Copy out exactly the stretch of the listing below that begins at the line containing "I'm on the Gravit" and ends at the line containing "Hey everyone, welcome", and copy nothing outside it.

[Opening Provided records section]

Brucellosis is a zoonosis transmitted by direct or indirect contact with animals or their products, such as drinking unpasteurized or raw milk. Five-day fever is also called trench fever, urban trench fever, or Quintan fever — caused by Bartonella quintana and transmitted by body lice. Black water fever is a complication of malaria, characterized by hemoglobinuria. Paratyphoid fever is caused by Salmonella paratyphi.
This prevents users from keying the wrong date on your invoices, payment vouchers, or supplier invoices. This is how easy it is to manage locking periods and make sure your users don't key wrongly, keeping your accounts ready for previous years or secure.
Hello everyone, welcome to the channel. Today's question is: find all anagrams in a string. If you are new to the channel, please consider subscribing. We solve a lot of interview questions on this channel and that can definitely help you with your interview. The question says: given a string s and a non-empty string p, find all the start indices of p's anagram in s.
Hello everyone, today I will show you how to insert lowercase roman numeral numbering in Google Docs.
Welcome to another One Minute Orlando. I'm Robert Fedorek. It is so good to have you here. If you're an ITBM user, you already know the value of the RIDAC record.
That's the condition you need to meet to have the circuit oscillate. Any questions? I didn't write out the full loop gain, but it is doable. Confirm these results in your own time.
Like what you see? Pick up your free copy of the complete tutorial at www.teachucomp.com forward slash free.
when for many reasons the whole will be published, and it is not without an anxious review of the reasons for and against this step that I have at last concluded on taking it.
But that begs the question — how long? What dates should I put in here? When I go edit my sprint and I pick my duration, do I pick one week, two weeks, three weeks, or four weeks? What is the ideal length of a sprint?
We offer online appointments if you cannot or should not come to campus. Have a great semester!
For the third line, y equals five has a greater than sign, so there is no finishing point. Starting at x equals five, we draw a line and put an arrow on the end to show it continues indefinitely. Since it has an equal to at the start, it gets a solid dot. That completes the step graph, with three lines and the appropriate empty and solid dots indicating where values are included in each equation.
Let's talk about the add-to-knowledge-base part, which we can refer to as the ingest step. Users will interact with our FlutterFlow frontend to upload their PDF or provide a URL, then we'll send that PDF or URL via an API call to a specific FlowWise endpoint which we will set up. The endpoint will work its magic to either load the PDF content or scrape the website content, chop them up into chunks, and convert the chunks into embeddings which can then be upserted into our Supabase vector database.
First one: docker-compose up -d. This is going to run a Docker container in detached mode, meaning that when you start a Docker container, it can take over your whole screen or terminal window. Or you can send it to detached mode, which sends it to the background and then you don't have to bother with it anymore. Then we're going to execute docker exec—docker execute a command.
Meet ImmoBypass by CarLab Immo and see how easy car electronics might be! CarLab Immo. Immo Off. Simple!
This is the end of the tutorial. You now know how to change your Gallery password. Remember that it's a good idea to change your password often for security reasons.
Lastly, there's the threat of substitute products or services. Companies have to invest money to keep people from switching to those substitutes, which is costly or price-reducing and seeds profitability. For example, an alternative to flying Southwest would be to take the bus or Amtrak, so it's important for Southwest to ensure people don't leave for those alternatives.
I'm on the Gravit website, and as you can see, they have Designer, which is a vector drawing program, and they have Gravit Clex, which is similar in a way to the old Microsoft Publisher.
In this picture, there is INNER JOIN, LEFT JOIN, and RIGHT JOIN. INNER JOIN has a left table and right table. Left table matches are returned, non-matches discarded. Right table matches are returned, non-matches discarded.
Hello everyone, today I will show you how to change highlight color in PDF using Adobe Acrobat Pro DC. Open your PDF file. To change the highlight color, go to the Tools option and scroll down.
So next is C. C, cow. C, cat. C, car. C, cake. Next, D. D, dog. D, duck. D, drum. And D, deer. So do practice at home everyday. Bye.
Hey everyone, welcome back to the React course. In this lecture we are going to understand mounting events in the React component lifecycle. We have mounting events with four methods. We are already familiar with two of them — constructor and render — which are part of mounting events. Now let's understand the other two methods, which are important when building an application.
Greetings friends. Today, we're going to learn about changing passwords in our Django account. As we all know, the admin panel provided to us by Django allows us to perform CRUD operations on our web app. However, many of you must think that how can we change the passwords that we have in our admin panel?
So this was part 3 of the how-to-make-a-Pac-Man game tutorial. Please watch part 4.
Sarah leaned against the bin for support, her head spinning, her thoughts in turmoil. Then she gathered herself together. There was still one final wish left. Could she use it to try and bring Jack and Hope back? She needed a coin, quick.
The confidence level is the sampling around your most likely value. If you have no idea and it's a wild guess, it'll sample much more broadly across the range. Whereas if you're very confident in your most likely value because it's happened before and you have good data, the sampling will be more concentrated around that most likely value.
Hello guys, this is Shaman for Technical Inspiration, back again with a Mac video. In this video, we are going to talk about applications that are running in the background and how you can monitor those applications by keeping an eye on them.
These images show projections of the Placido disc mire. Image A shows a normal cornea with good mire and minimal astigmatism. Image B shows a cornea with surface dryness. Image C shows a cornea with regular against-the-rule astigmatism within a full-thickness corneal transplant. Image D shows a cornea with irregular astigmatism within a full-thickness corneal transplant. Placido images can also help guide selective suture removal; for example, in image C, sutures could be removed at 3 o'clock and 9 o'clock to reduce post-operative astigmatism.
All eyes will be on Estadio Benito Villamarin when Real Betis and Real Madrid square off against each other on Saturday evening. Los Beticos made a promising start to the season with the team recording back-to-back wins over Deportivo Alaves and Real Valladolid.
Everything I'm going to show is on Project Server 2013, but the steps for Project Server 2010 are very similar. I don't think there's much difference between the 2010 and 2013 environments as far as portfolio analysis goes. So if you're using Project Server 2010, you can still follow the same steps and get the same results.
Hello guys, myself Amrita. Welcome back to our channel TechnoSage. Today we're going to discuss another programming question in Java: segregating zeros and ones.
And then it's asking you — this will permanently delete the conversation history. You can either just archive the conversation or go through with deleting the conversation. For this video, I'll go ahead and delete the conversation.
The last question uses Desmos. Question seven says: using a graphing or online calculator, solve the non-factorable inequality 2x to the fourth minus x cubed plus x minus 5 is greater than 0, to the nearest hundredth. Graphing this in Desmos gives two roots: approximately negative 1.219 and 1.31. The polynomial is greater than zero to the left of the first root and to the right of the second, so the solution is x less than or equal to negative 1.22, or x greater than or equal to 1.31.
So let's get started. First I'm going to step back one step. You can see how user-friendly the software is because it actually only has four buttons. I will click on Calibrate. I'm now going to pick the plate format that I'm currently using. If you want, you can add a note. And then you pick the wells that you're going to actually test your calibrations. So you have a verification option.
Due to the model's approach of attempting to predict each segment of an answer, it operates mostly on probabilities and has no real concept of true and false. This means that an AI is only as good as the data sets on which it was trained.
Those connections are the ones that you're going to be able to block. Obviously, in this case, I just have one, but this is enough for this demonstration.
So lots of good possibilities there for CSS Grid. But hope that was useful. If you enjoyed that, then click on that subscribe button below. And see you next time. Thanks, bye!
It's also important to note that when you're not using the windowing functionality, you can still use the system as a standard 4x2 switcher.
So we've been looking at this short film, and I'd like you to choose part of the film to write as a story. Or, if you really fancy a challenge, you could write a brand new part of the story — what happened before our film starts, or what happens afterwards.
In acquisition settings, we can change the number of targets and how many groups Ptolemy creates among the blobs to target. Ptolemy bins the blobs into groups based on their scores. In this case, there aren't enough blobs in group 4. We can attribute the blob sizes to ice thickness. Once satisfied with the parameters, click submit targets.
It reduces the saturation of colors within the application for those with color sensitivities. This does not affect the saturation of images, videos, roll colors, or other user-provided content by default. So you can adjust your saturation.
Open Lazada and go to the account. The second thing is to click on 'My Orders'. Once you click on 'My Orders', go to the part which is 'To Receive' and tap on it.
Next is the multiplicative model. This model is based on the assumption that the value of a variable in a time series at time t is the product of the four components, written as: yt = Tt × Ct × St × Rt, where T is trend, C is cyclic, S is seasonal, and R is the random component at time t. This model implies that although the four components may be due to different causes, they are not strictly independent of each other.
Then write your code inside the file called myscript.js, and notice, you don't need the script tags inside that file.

[Closing Provided records section]

- **Task solution**:
I'm on the Gravit website, and as you can see, they have Designer, which is a vector drawing program, and they have Gravit Clex, which is similar in a way to the old Microsoft Publisher.
In this picture, there is INNER JOIN, LEFT JOIN, and RIGHT JOIN. INNER JOIN has a left table and right table. Left table matches are returned, non-matches discarded. Right table matches are returned, non-matches discarded.
Hello everyone, today I will show you how to change highlight color in PDF using Adobe Acrobat Pro DC. Open your PDF file. To change the highlight color, go to the Tools option and scroll down.
So next is C. C, cow. C, cat. C, car. C, cake. Next, D. D, dog. D, duck. D, drum. And D, deer. So do practice at home everyday. Bye.
Hey everyone, welcome back to the React course. In this lecture we are going to understand mounting events in the React component lifecycle. We have mounting events with four methods. We are already familiar with two of them — constructor and render — which are part of mounting events. Now let's understand the other two methods, which are important when building an application.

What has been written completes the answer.